Section 3.09 Taxpayer Identification Number. The federal taxpayer identification number of each Debtor is set forth on Exhibit C hereto.
ARTICLE 4
COVENANTS AND AGREEMENTS
Each Debtor will at all times comply with the covenants and agreements contained in this Article 4, from the date hereof and for so long as any part of the Obligations are outstanding.
Section 4.01 Change in Location of Collateral or Debtor. Except with respect to Collateral under repair or temporarily in transit between locations (and in any such case, for a period not to exceed four (4) months), Debtors will not change the location of the Collateral (except for (a) Collateral held by Secured Party, (b) motor vehicles and rolling stock, and (c) Collateral temporarily in transit between locations) to any state, county or other jurisdiction in which Secured Party has not already filed a financing statement or taken other necessary steps to perfect or maintain its security interests in the Collateral without Secured Party's prior written consent and the delivery of such new financing statements or other documentation as may be reasonably necessary or required by Secured Party to ensure the continued perfection and priority of its security interest in the Collateral. Debtors will not change the location of their respective chief executive office, principal place of business or the locations of Debtors' records concerning the Collateral unless such Debtor shall have given Secured Party at least thirty (30) days prior written notice thereof and shall have delivered to Secured Party such new financing statements or other documentation as may be reasonably necessary or required by Secured Party to ensure the continued perfection and priority of its security interest in the Collateral.

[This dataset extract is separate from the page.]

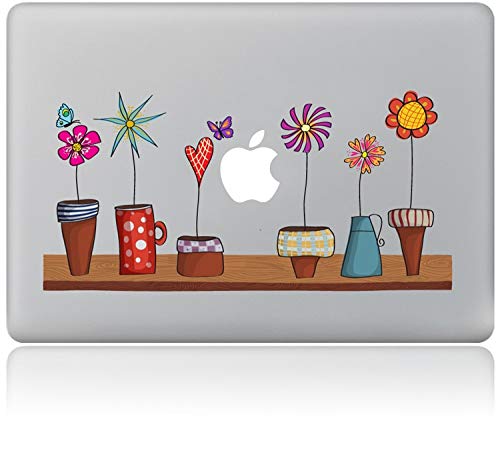 See full amazon price history chart for GADGETS WRAP Cute Flowerpot Pattern Vinyl Decal Laptop Skin Case for New MacBook Air Pro Retina 13 Inch Laptop Cover Sticker GADGETS WRAP Cute Flowerpot Pattern Vinyl Decal Laptop Skin Case for New MacBook Air Pro Retina 13 Inch Laptop Cover Sticker (B084XN1LQW) Amazon Price History, Amazon Price Tracker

Section 4.02 Change in a Debtor's Name or Corporate Structure. Debtors will not change their respective name, identity, state of organization, or corporate structure (including, without limitation, any merger, consolidation or sale of substantially all of its assets) unless such Debtor shall have given Secured Party at least thirty (30) days prior written notice thereof and shall have delivered to Secured Party such new financing statements or other documentation as may be reasonably necessary or required by Secured Party to ensure the continued perfection and priority of its security interest on the Collateral.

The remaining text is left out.